#### Data under study
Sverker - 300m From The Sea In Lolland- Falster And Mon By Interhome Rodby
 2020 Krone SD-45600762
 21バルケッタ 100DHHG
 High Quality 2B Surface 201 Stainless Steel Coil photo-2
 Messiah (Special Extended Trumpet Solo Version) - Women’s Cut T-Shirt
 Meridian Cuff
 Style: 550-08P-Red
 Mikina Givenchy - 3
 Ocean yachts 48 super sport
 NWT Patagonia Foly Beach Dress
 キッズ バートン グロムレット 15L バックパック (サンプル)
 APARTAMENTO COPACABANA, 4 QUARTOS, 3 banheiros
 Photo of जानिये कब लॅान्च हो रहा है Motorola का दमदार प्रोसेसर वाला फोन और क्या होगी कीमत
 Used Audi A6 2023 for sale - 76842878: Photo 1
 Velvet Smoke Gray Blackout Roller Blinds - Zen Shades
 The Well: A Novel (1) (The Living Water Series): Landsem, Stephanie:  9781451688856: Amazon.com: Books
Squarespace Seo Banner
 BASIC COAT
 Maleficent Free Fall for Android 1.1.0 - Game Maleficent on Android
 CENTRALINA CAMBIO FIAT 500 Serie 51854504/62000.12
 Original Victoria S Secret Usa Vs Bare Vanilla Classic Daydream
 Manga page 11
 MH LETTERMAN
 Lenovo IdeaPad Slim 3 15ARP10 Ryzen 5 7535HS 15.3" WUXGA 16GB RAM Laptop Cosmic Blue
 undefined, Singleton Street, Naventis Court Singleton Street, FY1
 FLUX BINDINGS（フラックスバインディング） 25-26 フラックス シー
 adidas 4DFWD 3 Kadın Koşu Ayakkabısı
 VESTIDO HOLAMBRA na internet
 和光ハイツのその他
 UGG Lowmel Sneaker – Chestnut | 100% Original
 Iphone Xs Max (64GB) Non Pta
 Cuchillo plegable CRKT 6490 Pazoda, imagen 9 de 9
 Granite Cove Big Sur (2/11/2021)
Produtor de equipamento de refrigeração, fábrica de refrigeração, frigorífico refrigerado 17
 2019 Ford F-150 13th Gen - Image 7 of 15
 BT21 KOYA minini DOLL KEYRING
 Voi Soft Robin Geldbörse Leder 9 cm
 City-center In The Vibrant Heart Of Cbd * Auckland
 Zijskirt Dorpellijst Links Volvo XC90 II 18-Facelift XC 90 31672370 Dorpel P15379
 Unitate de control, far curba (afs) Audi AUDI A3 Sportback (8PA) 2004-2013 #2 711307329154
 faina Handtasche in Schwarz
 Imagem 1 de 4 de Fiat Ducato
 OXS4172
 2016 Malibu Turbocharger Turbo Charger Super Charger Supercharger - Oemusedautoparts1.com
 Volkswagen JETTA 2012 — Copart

#### Your objective
Where does "Audi" occur in the data? Copy each line that has it.

#### Solved problem
 Used Audi A6 2023 for sale - 76842878: Photo 1
 Unitate de control, far curba (afs) Audi AUDI A3 Sportback (8PA) 2004-2013 #2 711307329154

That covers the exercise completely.